There are several different variations of this question, arising from the way in which the fields $K$ and $L$ are constructed.

For example, let $K$ be a field, and let

$\{y_1, \dots, y_n \}$

be indeterminates over K and let L be the field generated over K by them. Consider a finite group $G$ permuting those indeterminates over K. By standard Galois theory, the set of fixed points of this group action is a subfield of $L$, typically denoted $L^G$. The rationality question for $K \subset L^G$ is called Noether's problem and asks if this field of fixed points is or is not a purely transcendental extension of K.
In the paper (Noether 1918) on Galois theory she studied the problem of parameterizing the equations with given Galois group, which she reduced to "Noether's problem". (She first mentioned this problem in (Noether 1913) where she attributed the problem to E. Fischer.) She showed this was true for n = 2, 3, or 4. Swan (1969) found a counter-example to the Noether's problem, with n = 47 and G a cyclic group of order 47.

==Lüroth's theorem==

A celebrated case is Lüroth's problem, which Jacob Lüroth solved in the nineteenth century. Lüroth's problem concerns subextensions L of K(X), the rational functions in the single indeterminate X. Any such field is either equal to K or is also rational, i.e. L = K(F) for some rational function F. In geometrical terms this states that a non-constant rational map from the projective line to a curve C can only occur when C also has genus 0. That fact can be read off geometrically from the Riemann–Hurwitz formula.

==Unirationality==

A unirational variety V over a field K is one dominated by a rational variety, so that its function field K(V) lies in a pure transcendental field of finite type (which can be chosen to be of finite degree over K(V) if K is infinite). The solution of Lüroth's problem shows that for algebraic curves, rational and unirational are the same, and Castelnuovo's theorem implies that for complex surfaces unirational implies rational, because both are characterized by the vanishing of both the arithmetic genus and the second plurigenus. Zariski found some examples (Zariski surfaces) in characteristic p > 0 that are unirational but not rational. Clemens & Griffiths (1972) showed that a cubic three-fold is in general not a rational variety, providing an example for three dimensions that unirationality does not imply rationality. Their work used an intermediate Jacobian.
Iskovskih & Manin (1971) showed that all non-singular quartic threefolds are irrational, though some of them are unirational. Artin & Mumford (1972) found some unirational 3-folds with non-trivial torsion in their third cohomology group, which implies that they are not rational.
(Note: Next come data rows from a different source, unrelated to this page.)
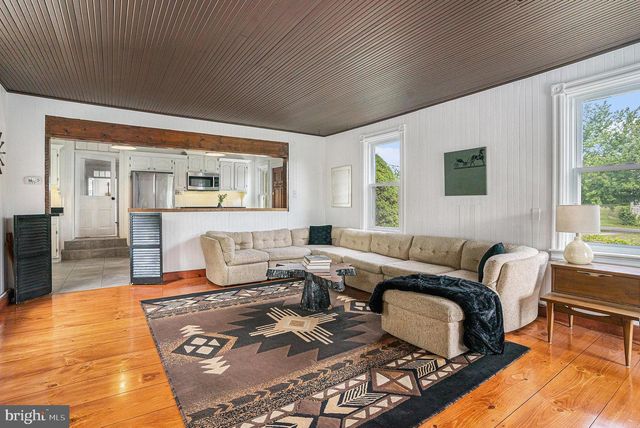 5934 KERNSVILLE RD, Orefield, PA 18069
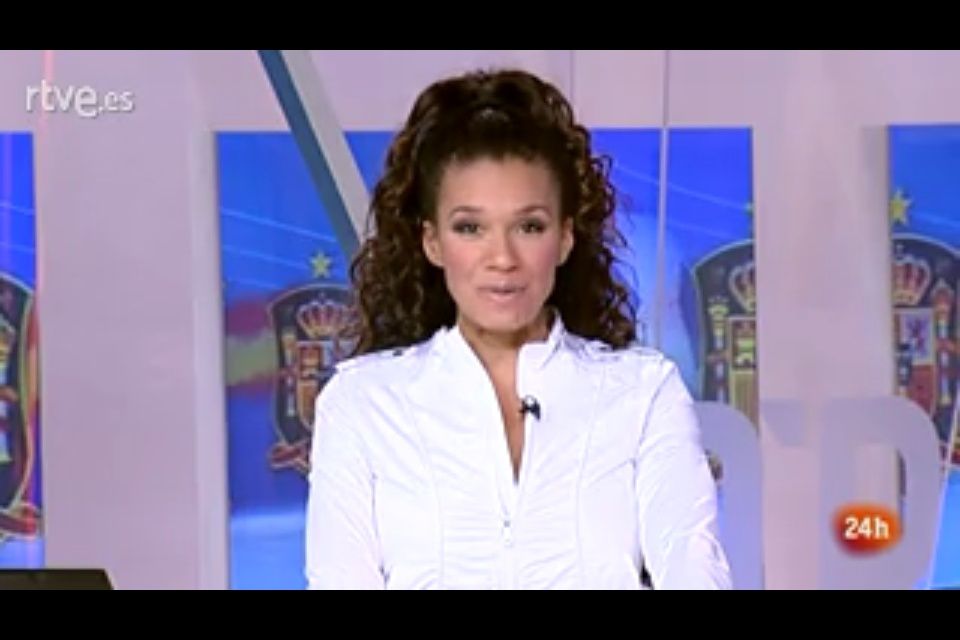 [2012 06 06] DESIREE NDJAMBO - CANAL 24H - TELEDIARIO MATINAL @06H55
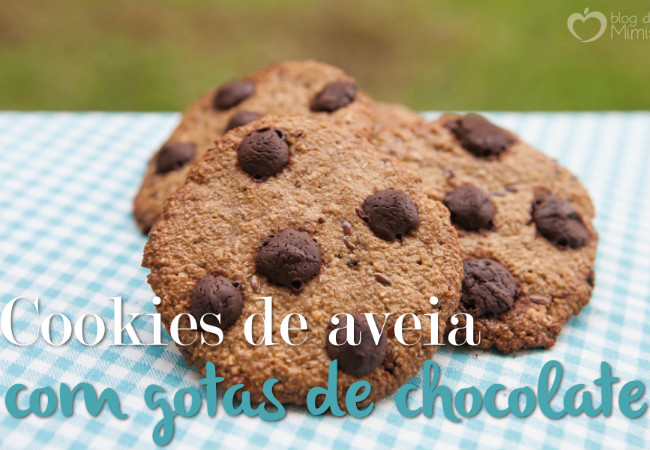 snack saudável cookie de aveia com chocolate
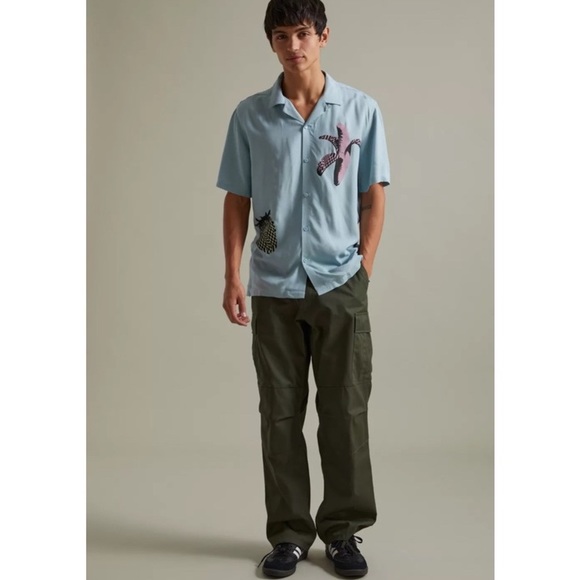 UO Pop Art Graphic Camp Collar Shirt - Picture 3 of 4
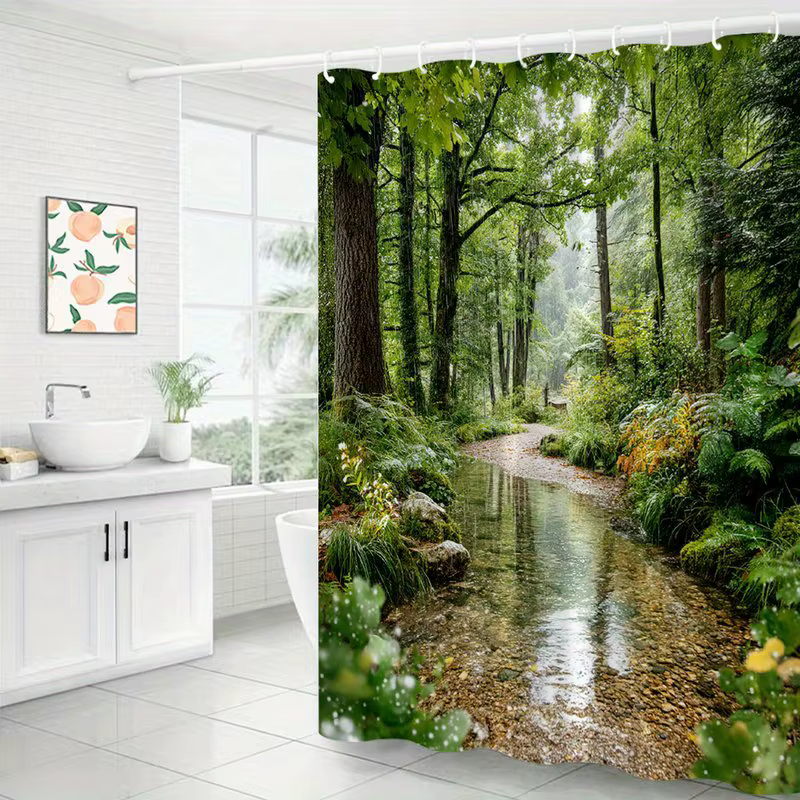 Rideau de douche imperméable avec une scène de ruisseau de forêt tranquille pour un décor de salle de bain relaxant et inspiré de la nature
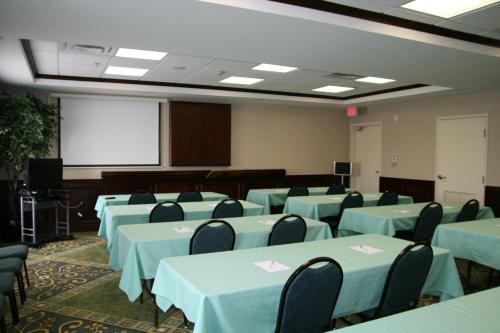 Фотография гостиницы Hampton Inn Alpine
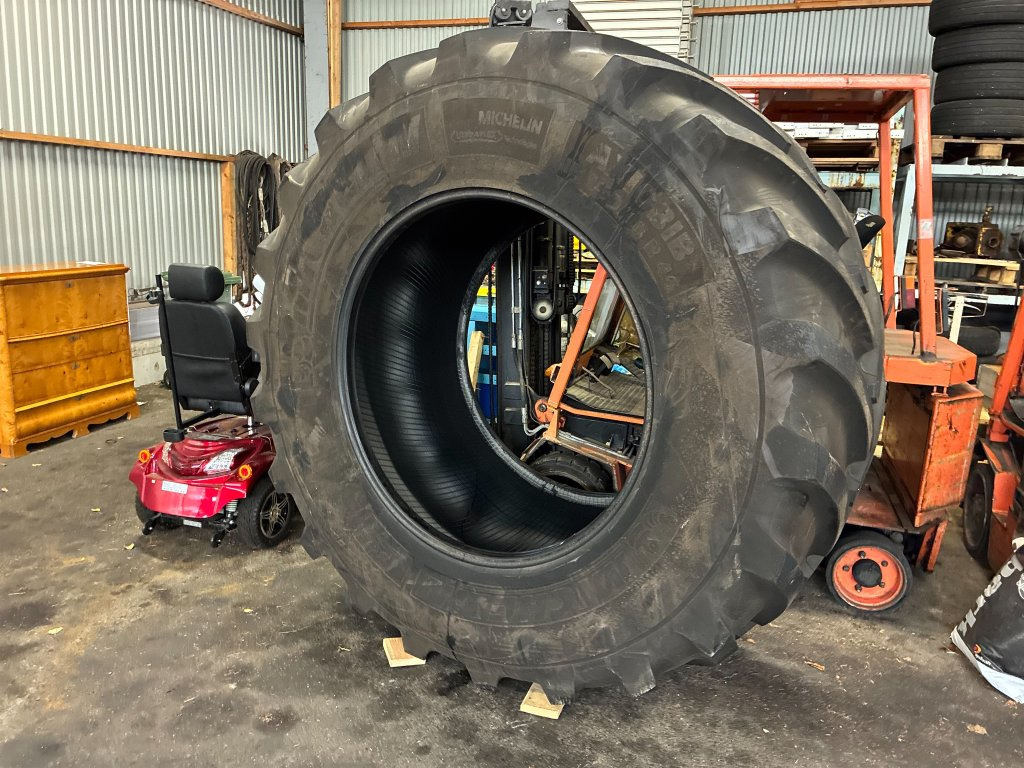 Michelin 900/65R46 - Гума за Трактор: снимка 1 Michelin 900/65R46 - Гума за Трактор: снимка 1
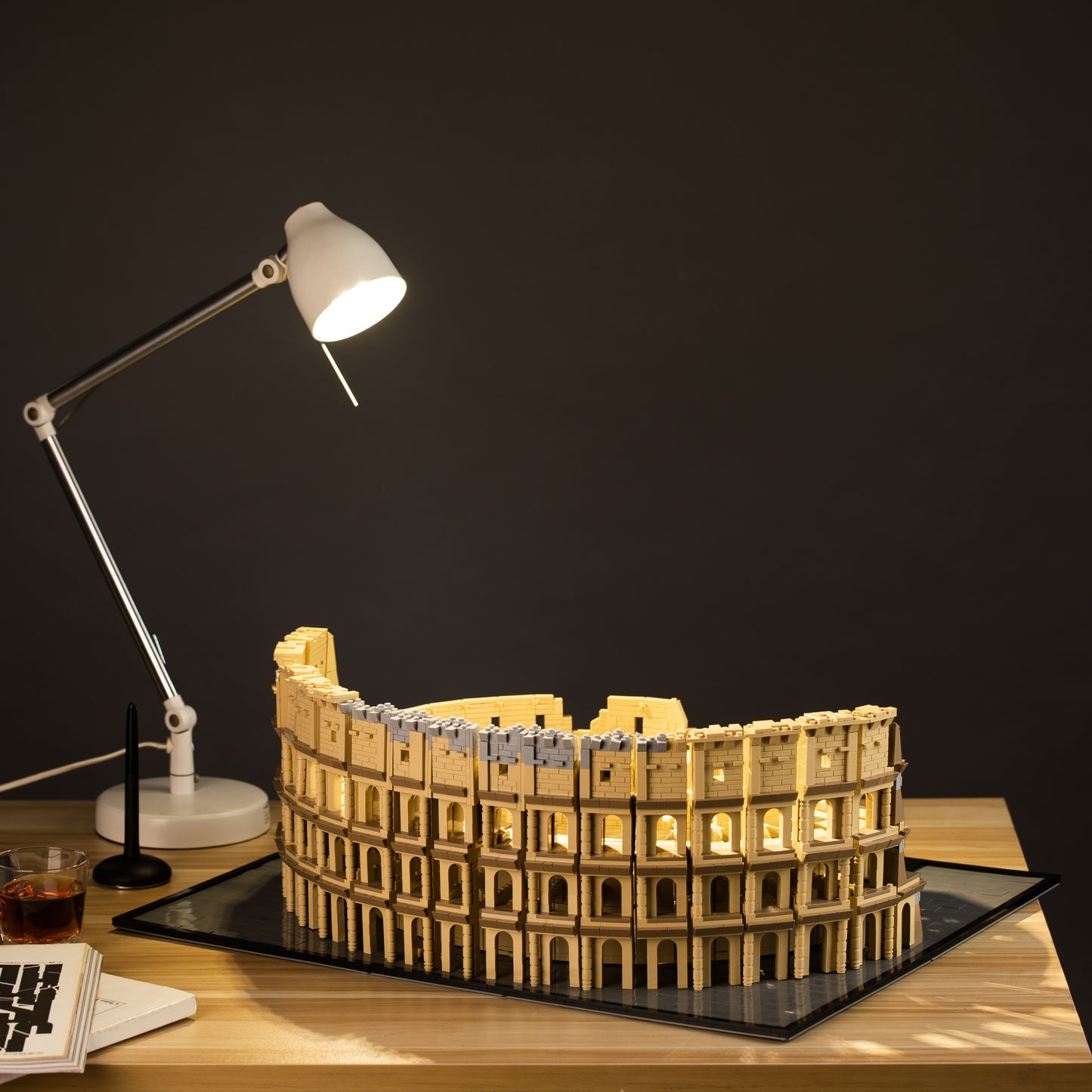 Roman Colosseum Building Block Set (6466pcs).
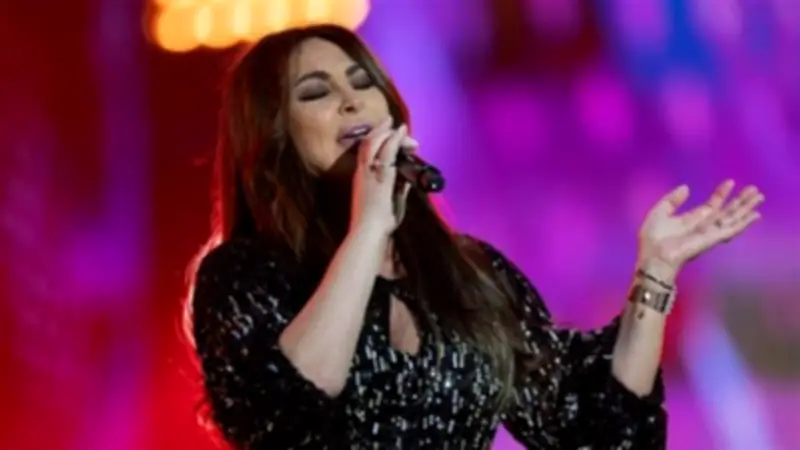 إليسا تحضر لألبومها الجديد وتضم أغنية للراحل محمد رحيم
For any field K, János Kollár proved in 2000 that a smooth cubic hypersurface of dimension at least 2 is unirational if it has a point defined over K. This is an improvement of many classical results, beginning with the case of cubic surfaces (which are rational varieties over an algebraic closure). Other examples of varieties that are shown to be unirational are many cases of the moduli space of curves.

==Rationally connected variety ==
A rationally connected variety V is a projective algebraic variety over an algebraically closed field such that through every two points there passes the image of a regular map from the projective line into V. Equivalently, a variety is rationally connected if every two points are connected by a rational curve contained in the variety.

This definition differs from that of path connectedness only by the nature of the path, but is very different, as the only algebraic curves which are rationally connected are the rational ones.

Every rational variety, including the projective spaces, is rationally connected, but the converse is false. The class of the rationally connected varieties is thus a generalization of the class of the rational varieties. Unirational varieties are rationally connected, but it is not known if the converse holds.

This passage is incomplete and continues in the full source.